Your assignment —
Give the total number of lines in the data below that include "front", and nothing else.

------------

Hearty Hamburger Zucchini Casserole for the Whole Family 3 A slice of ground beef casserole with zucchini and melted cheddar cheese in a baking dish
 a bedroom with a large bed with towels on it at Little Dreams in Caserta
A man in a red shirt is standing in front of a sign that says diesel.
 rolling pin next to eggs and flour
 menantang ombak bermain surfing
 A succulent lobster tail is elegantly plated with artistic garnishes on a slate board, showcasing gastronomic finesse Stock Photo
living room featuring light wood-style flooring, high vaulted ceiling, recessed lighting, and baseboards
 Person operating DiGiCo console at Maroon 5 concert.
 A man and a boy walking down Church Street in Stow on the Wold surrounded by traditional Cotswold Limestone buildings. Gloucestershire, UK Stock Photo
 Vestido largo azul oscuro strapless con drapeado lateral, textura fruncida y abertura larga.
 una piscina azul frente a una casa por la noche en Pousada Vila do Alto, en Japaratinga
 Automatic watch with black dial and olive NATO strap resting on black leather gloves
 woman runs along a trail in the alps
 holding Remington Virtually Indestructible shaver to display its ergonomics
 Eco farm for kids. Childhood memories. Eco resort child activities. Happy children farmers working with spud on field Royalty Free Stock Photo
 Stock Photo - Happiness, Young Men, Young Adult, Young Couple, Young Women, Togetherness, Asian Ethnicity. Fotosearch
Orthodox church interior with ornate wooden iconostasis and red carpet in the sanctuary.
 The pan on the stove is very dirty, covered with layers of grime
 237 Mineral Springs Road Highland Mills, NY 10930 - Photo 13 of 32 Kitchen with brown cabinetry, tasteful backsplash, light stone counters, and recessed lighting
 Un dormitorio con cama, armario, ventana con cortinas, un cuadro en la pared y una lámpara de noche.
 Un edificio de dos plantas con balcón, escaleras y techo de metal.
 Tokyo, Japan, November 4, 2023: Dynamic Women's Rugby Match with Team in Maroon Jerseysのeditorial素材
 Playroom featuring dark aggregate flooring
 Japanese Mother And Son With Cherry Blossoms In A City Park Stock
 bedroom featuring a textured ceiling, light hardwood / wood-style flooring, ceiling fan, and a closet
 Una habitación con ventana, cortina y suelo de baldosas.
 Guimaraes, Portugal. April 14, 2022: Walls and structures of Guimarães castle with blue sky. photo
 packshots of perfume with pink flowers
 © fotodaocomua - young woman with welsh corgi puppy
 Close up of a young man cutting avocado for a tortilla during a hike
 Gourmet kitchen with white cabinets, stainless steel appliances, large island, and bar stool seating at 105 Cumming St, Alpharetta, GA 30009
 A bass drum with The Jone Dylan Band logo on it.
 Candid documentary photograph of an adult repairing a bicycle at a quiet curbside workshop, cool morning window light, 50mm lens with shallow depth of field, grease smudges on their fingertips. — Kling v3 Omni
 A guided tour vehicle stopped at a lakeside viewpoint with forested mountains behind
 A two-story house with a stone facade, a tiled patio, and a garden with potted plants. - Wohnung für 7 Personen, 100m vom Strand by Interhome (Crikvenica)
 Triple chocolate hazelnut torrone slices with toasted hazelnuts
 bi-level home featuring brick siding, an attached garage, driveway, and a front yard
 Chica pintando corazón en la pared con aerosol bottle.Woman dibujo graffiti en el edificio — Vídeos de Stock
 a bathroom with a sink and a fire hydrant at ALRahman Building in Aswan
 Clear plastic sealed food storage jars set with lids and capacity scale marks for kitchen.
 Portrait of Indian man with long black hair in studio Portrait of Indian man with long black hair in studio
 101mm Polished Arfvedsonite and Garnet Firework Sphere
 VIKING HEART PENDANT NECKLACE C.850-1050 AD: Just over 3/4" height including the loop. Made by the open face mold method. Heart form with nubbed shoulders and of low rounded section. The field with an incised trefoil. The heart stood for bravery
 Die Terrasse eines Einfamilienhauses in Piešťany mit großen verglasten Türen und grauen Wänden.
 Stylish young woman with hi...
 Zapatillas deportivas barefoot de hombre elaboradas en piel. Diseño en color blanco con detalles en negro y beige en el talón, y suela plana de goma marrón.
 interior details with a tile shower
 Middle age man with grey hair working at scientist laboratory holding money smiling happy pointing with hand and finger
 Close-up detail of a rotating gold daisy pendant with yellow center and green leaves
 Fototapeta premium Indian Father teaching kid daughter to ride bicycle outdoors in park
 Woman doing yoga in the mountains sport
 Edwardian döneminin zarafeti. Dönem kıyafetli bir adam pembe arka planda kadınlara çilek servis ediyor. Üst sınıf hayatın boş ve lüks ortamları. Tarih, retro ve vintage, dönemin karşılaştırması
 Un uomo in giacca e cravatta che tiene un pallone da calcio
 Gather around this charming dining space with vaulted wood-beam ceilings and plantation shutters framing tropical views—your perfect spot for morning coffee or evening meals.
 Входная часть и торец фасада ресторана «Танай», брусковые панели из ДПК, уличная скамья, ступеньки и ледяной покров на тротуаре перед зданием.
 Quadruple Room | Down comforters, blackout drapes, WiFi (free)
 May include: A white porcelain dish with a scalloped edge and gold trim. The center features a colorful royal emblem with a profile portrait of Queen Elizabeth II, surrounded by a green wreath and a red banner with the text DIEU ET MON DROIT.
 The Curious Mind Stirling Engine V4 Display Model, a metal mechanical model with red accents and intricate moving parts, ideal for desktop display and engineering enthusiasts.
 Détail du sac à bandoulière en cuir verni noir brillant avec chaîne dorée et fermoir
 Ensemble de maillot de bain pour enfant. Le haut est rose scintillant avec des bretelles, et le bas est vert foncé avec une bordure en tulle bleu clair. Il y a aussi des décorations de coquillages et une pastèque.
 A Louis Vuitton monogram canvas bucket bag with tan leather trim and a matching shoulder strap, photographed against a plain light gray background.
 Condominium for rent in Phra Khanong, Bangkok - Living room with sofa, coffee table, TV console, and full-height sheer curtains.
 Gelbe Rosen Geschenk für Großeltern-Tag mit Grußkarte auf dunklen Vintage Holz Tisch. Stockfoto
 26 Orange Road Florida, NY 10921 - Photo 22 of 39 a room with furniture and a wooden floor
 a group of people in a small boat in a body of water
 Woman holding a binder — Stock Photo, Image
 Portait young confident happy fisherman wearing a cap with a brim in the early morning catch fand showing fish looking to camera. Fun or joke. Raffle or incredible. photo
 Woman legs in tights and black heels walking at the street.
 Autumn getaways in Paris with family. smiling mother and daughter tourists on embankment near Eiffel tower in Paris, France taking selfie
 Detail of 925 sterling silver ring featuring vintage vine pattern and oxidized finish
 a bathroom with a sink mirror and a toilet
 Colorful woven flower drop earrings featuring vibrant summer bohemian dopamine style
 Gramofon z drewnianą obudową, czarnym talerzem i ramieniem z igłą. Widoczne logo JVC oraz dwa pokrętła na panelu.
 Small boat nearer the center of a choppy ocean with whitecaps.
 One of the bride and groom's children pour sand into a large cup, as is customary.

------------

Solved problem —
2